本当は王宮へお父様へ報告すべきことなのだけれど、この件に関しては公にはできないので、私が絡んでいるので余計になのだけれど、なので全てお祖父様経由でお父様へ報告がなされている。
お祖父様へ報告後、邸に戻り昼食まではお養父様も仕事を片付けるようで執務室へ。
私は部屋で大人しく読書をして過ごす。
昼食後、お養父様とお茶をしながら話をする。
気になっていることがあるのでそれも聞いておこうと思う。
「シア、一応一段落したので、予定通り来週頭から学園に通える。まぁシアの成績なら遅れる、という事も無いだろうけど、友人との交流は大事にしないとね」
「はい。それに交流会の事もありますしね」
「そうだな。結局シアはどれに参加するんだ?」
「私は魔法技に参加いたします」
「シアなら優勝間違いないだろうね」
「二学年の方と一緒ですし、まだ分かりませんわよ」
「分かるよ」
何を根拠に仰っているのでしょう?
だけど私の優勝を信じて下さっているのでとても嬉しく、何より交流会に参加するのはとても楽しみだわ。
優勝に関してはその日にならないと分かりませんけれど。
交流会の話から、お兄様達の去年のお話を聞いたり、お養父様達の時代の交流会の内容を教えていただいたりと、後はお父様達の学園時代のお話も聞くことができ、お義父様のお話はとても面白く、またいろんなお話を聞くことが出来てとても楽しいし、嬉しかった。
「そういえば、シアは私に何か聞きたいことがあるのではないのかい?」
「何故お分かりになったのですか?」
「分かるよ。娘の事だからね」
「お養父様には敵いませんわ」
私もまだまだだわ。
きっと顔に出ていたのね。
もっと精進しようと思いつつ、お養父様に「実は⋯⋯」と私は聞きたいことを話した。
内容としては義手や義足など、そういったものが此処にあるか、また作成可能かを聞きたかった。
だけど、あるならきっとノヴルーノにも使っているはずだし、そもそも私に説明をするはず。
だから此処には無いと仮定しているのだけど、お養父様に聞くとやはりここにはそういった物は無いそうで、それがどのような物なのかをお養父様に詳しく説明をすると、用途は分かったが作り方をどうするか。

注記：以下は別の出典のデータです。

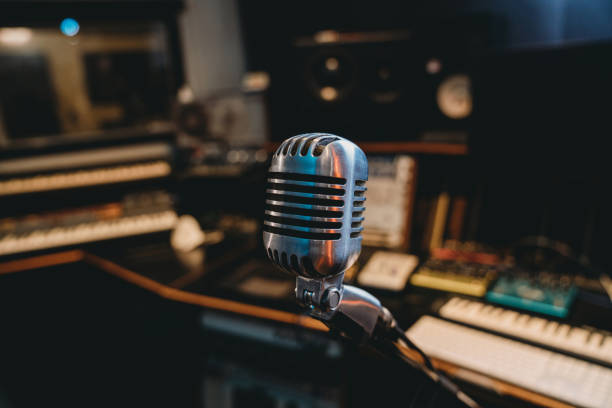 istock Recording equipment in a professional recording studio 1362977642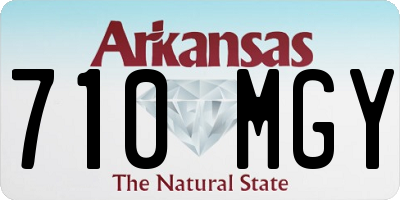 AR license plate 710MGY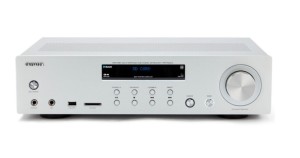 Aiwa AMU-120BTSL Endverstärker Hi-Fi Stereo 120W/4Ω 60W/8Ω Silber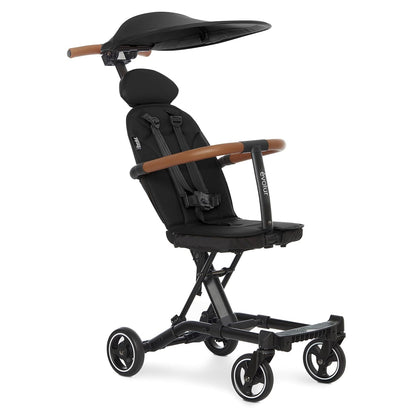 Evolur Cruise Rider Stroller with Canopy, Lightweight Umbrella Stroller with Compact Fold, Easy to Carry Travel Stroller - Cognac
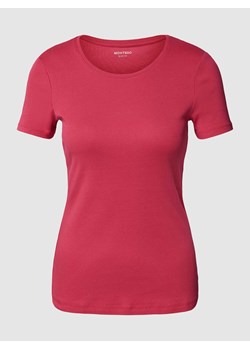T-shirt z okrągłym dekoltem ze sklepu Peek&Cloppenburg  w kategorii Bluzki damskie - zdjęcie 167935595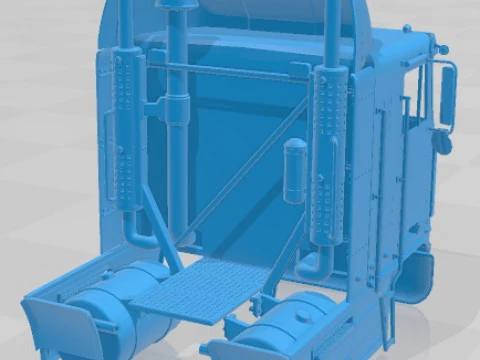 Kenworth k100 printable body cab 3D Print Model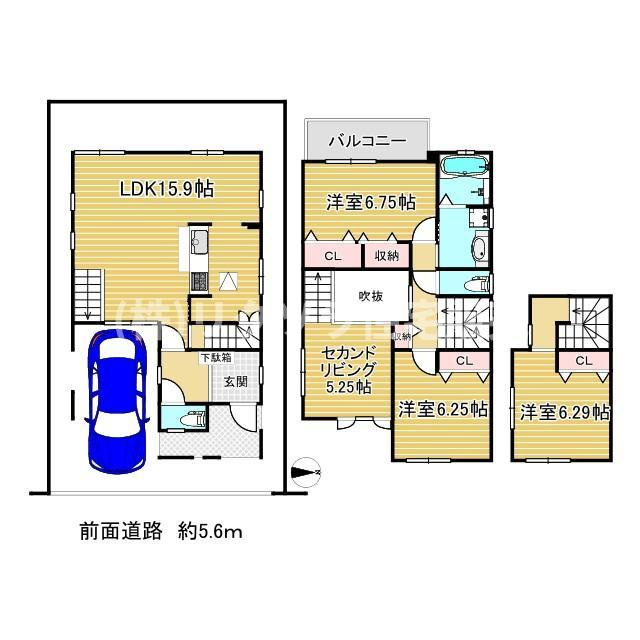 星田北4丁目　中古一戸建ての間取り|間取り図はいかがですか？ご希望を叶える間取りですか？リビングの広さは？水回りの位置は？カウンターキッチン？など色々な情報が集約されています。弊社ではリフォームなどのご相談も承っております。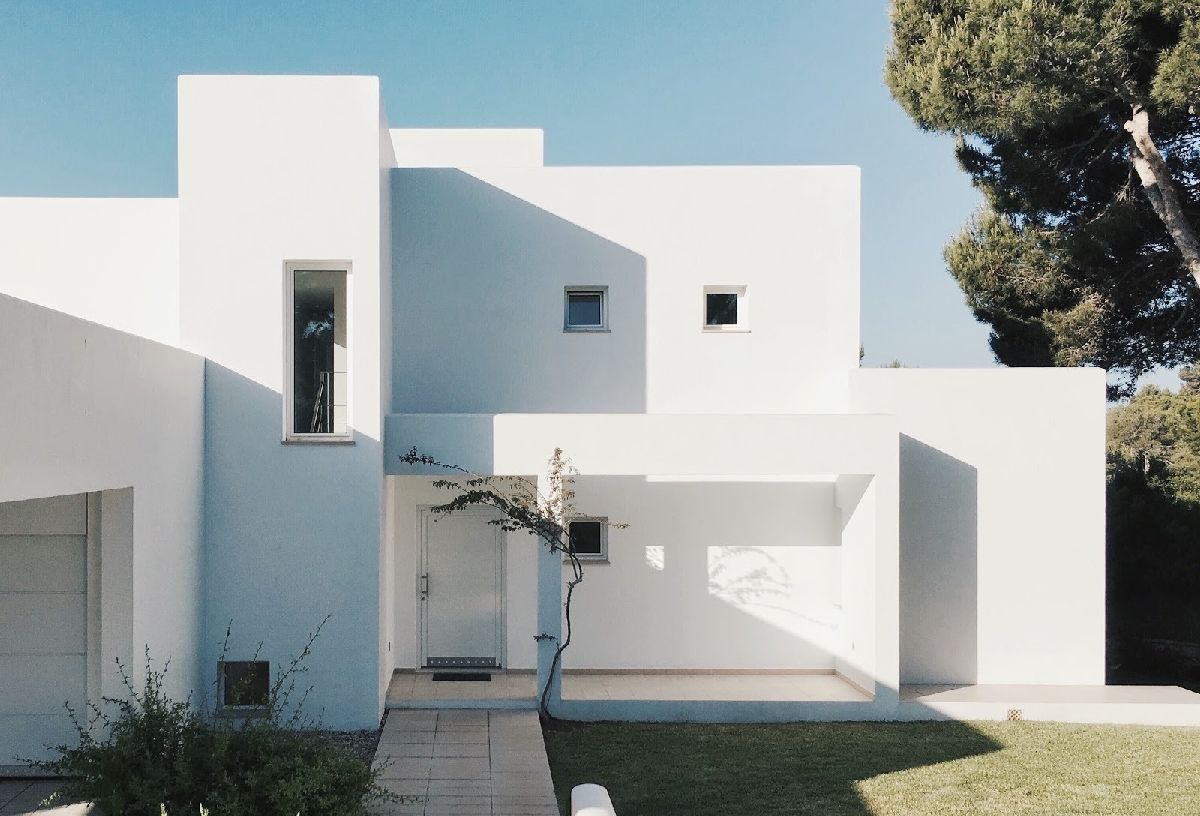 rumah minimalis fasad serba putih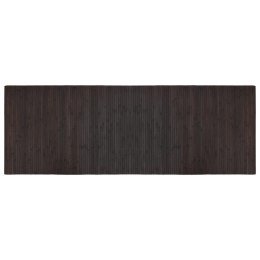 DYWAN PROSTOKĄTNY CIEMNOBRĄZOWY 70X200CM BAMBUSOWY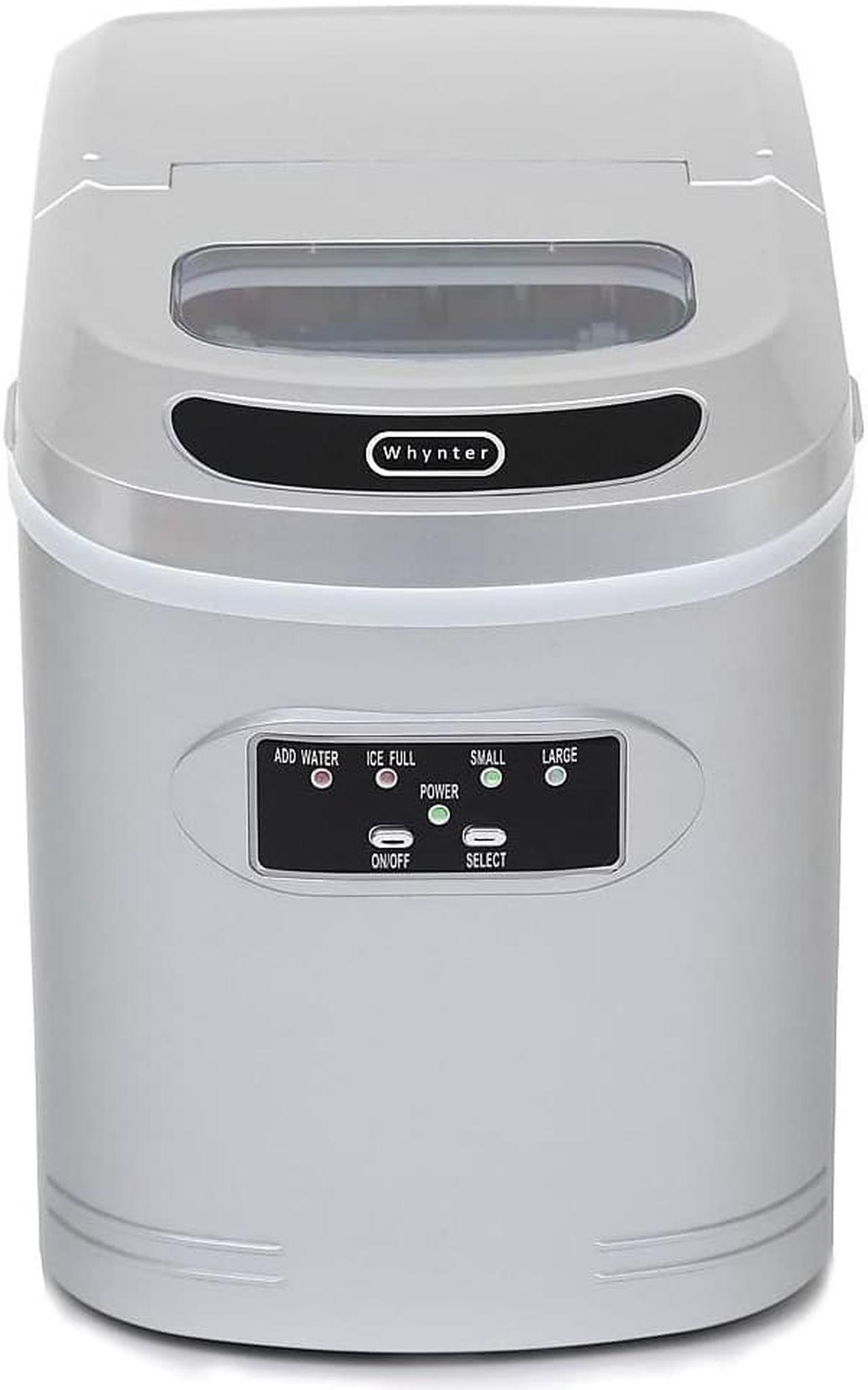 Alt view image 15 of 20 - Whynter IMC-270MS Compact Portable Ice Maker 27 lb capacity - Metallic Silver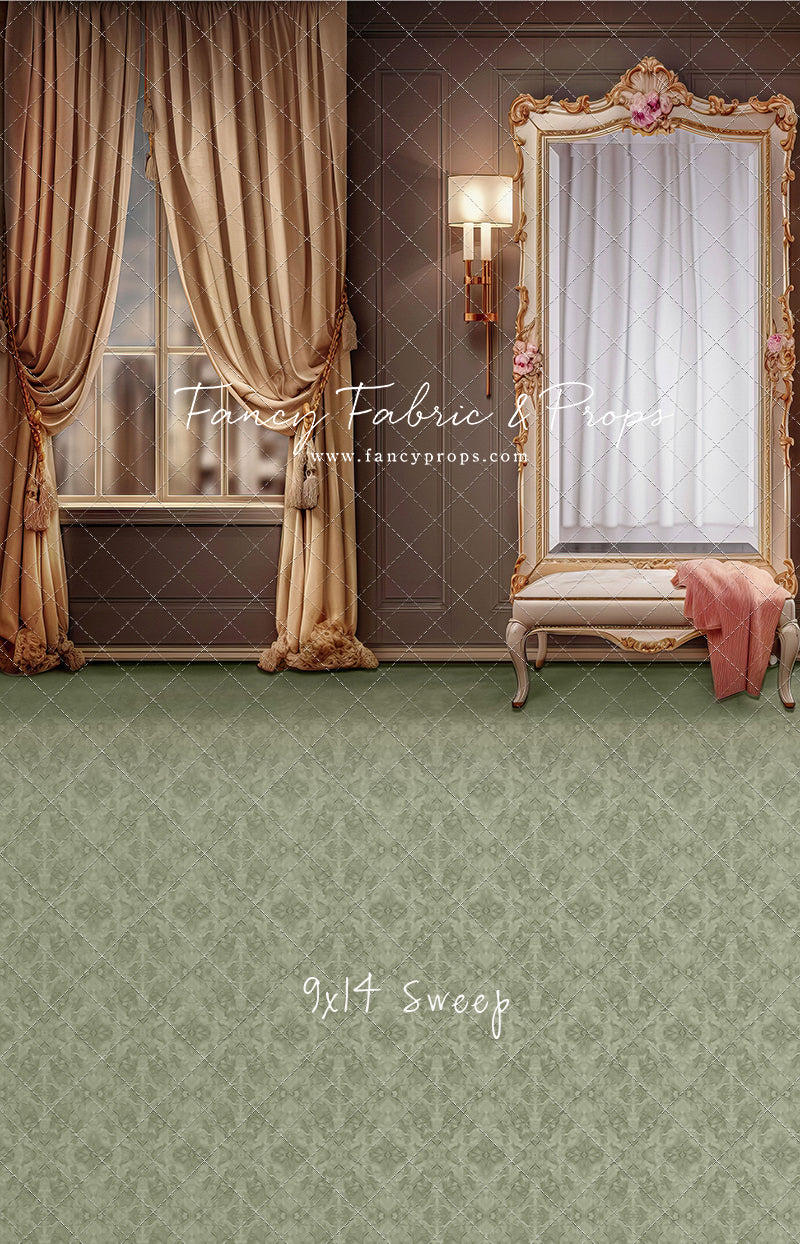 Glam Mirror - Green Floor - With Sweep Option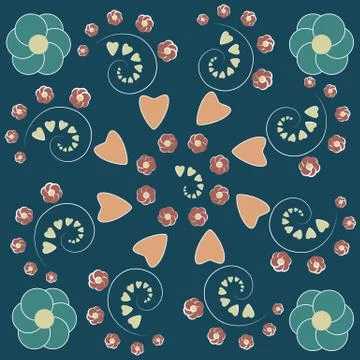 Vector seamless abstract background pattern design イラスト素材
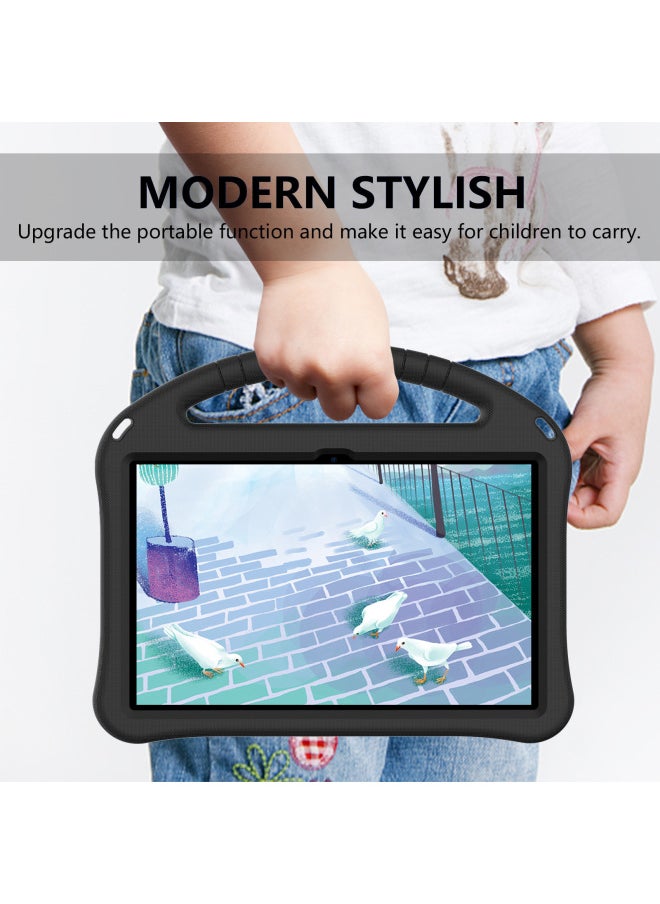 For Huawei Matepad SE 11 Protective Case Pro12.6 Children's Drop-resistant Case Glory X8A Bracket Case-Color:Black-Applicable Model:Honor Honor Honor V6/ Tab Lte V7 (2024)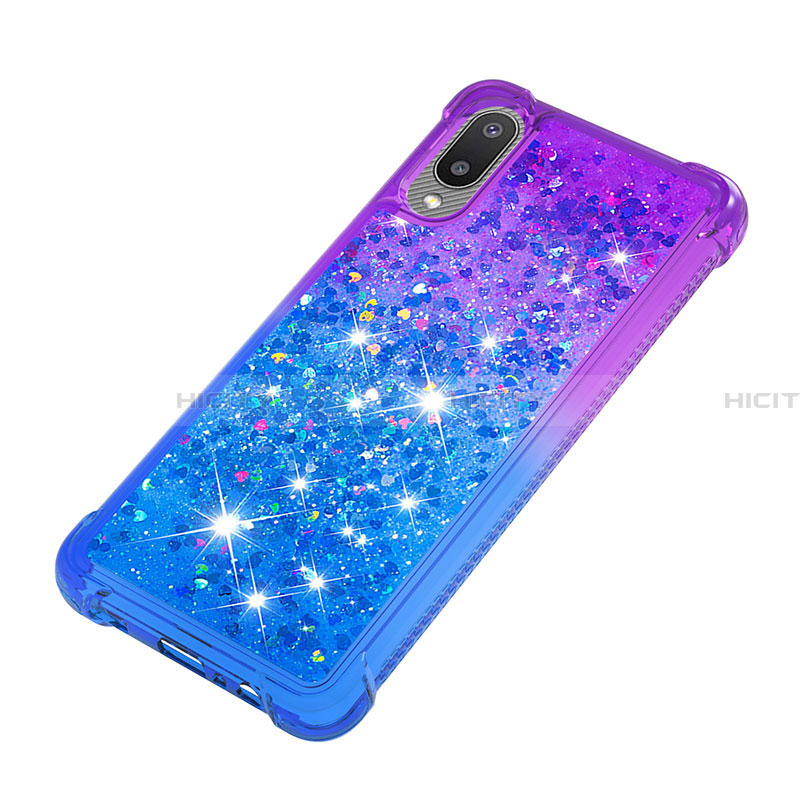 Custodia Silicone Cover Morbida Bling-Bling S02 per Samsung Galaxy A02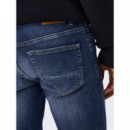 Vaqueros Hombre Vaqueros ONLY&SONS Slim Dark Blue Loom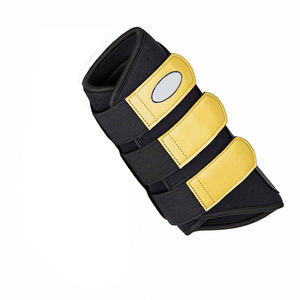 Botas de cepillado de cuero PU para caballos, precio al por mayor, cómodas botas de tendón ajustadas ajustables antideslizantes de Standard International - Product Image 6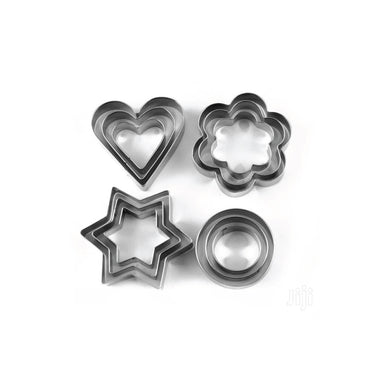 (MR.DIY) DS Stainless Steel Cookie Cutter (12pcs)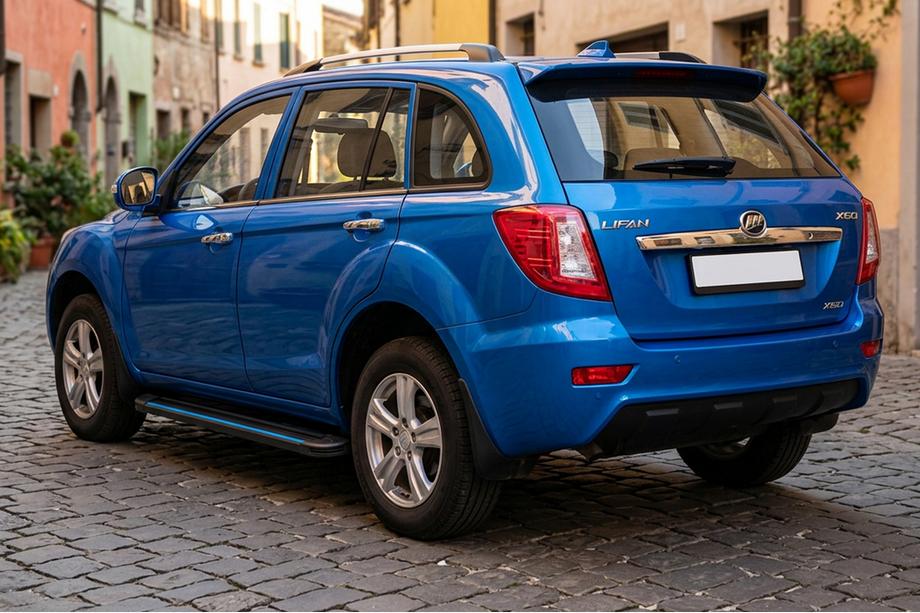 Lifan X60 2011- Pedane Laterali Maya Blue (2 pz, Alluminio) Image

その人に合わせて作成しなければならないと言うのと、耐久性の問題や清潔にしなければならないし⋯⋯。
私も流石に義手の作り方までは知らない。
義手を魔道具の一種として作成するのはどうだろうか。
耐久性、細かい動きなどを魔力で補う⋯⋯ダメね。
魔力の無いものは使えないわ。
それに、仮に騎士達に採用するとして、そこに魔力を使用したとして、戦っている最中も常に魔力が消費していくのでこの案は却下ね。
「作り方はともかく、その案自体は素晴らしいな。シア、義手や義足等の件は一度領の職人に伝えてみよう」
「はい、よろしくお願い致します」
いつも案を出しては職人さんに丸投げ、とまではいかずとも、本職の方に任せた方が良い物が出来るので任せっきりなので申し訳ないのだけれど、だけどこれが作成できたらかなり便利になると思うし、希望にもなる。
「そうだ。シアに報告がある」
「何でしょう?」
「以前に話していた、心に問題を抱えている人達を助ける機関の話だが、時間はかかったがようやく試験的に運用が開始される。まぁ、貴族連中が利用するかは微妙だが⋯⋯平民には利用しやすいよう工夫がされている。これがその仔細を書いた書類だよ」
「私が見てもよろしいのですか? お養父様の主導ではないのでしょう?」
「あぁ、私ではない。この件に関しては上の話し合いでアンデル伯爵が行っている。彼は穏やかな方で人のそういった機微に敏感な方なんだ。それに信頼も信用もできるから安心しなさい。勿論シアの案だとは話していない。とても可愛いくて聡明な謎に包まれた娘の案だとは話したけどね」
「⋯⋯それってかなり怪しくないでしょうか?」
「まぁ、謎でいいんだよ。シアが本来いるべき場所に戻ったら種明かしはするよ」
怪しさしかないのによく主導で動くことを引き受けましたね、そのアンデル伯爵は⋯⋯。
だけど、ここまでいうのならきっと大丈夫なのでしょう。
アンデル伯爵って確かブルーノ医師の愛弟子だったはず。
次期筆頭王宮医師。
そんな方がこの件を主導でされるなんて、お忙しくないのかしら?
疑問に思いつつも、私は渡された書類に目を通す。
試験運用だけあって場所は王都の大聖堂で場所を設けるようだった。
実際話を聞いたりするのは医学を学んだ医学者や神官が行うようで、守秘義務についても部屋は魔道具で完全に防音にし、外には一切漏れないようにしている。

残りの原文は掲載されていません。